“Good at figures?”
“Yes.”
Macmillan grunted. “Get that steel tape and measure up the concrete laid last week. It’s a quarter of a mile behind us. The carpenters are taking off the forms. I’ve had it checked once, but a double count won’t do any harm—and we’ll see how much you know.”
He whirled abruptly on his heel and yelled something up to the engineer of the big electric shovel. Nash did not wait for further orders, but found the tape and tramped off down the gully in the direction indicated by the subforeman.
For several miles here the course of the future aqueduct lay along the side of the mountain, flanked deep with soil. This made the excavation work easy. Huge steam and electric shovels, working with the method and precision of a human hand, could dig a trench as swiftly as the carpenters could follow with their falsework.
The plastic mass of sand, gravel, and cement was poured into these wooden forms and allowed to harden for a week, after which time all the molds were stripped away.

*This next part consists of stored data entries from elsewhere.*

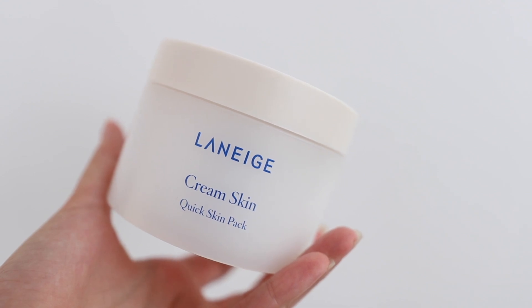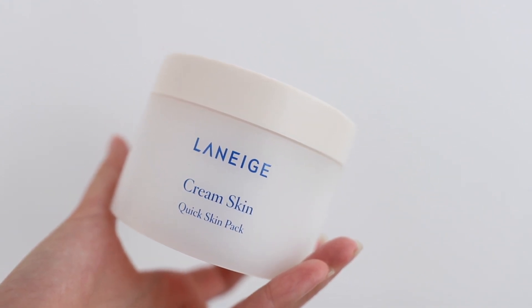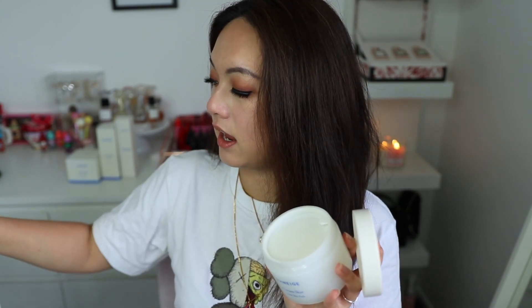The last product is the latest addition to the collection — the Laneige Cream Skin Quick Skin Pack. I also noticed they recently released a cleansing milk version which I didn't get, and I'm super gutted about that. This Quick Skin Pack is basically a quick sheet mask — a two-minute mask for when your skin needs hydration or feels dry or cracked. This contains 100 sheet masks with a product amount of about 140 ml, priced at about $21 USD.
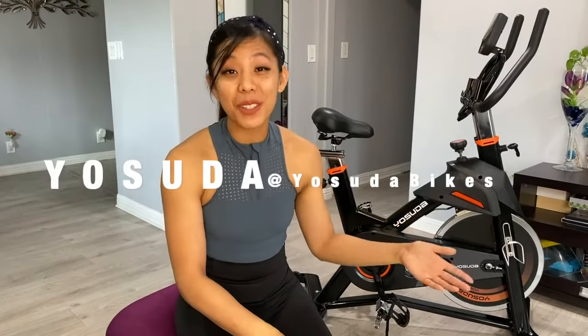If you also have a busy lifestyle and fitness goals, you would love the Yasuda indoor cycling bike.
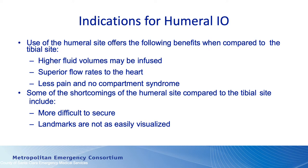Some of the shortcomings of the humoral IO is it can be a little bit more difficult to secure, so you may need one of the securing devices that you can buy as part of your IO device. I think all of us use the EasyIO and there are various adhesive devices that can be used to secure it in place. Probably the biggest difficulty with the humoral IO is identifying the landmarks, particularly if you haven't practiced on it.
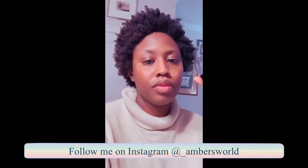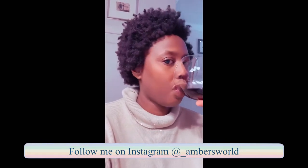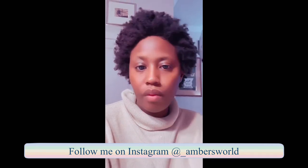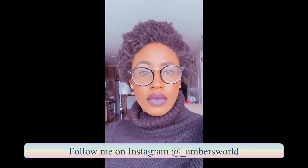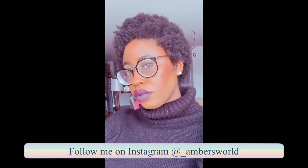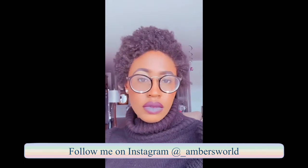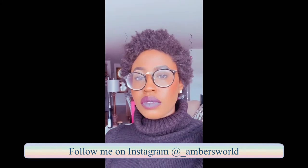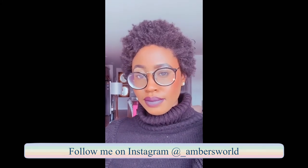And this is day two. As you can see, my hair looks a little bit more shrunk, a little more kinky, but it's still very much stretched out and very cute. And this skips to day four. You really see the 4C come out as the days go by — still very stretched out but very different from day one.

Then measurements were taken of the completed work, checked back through the different books, and finally O.K.’d by the foreman of the camp.
Nash found his task quite easy, and followed right at the heels of the carpenters as they stripped off the wooden molds, entering the cubic yards in his notebook. At four o’clock he had finished, and promptly returned to Macmillan.
“What you doing back here at this hour?” snapped the subforeman. “Get tired?”
“I’ve finished,” Nash replied.
“Finished? You mean you’ve checked up all that concrete?”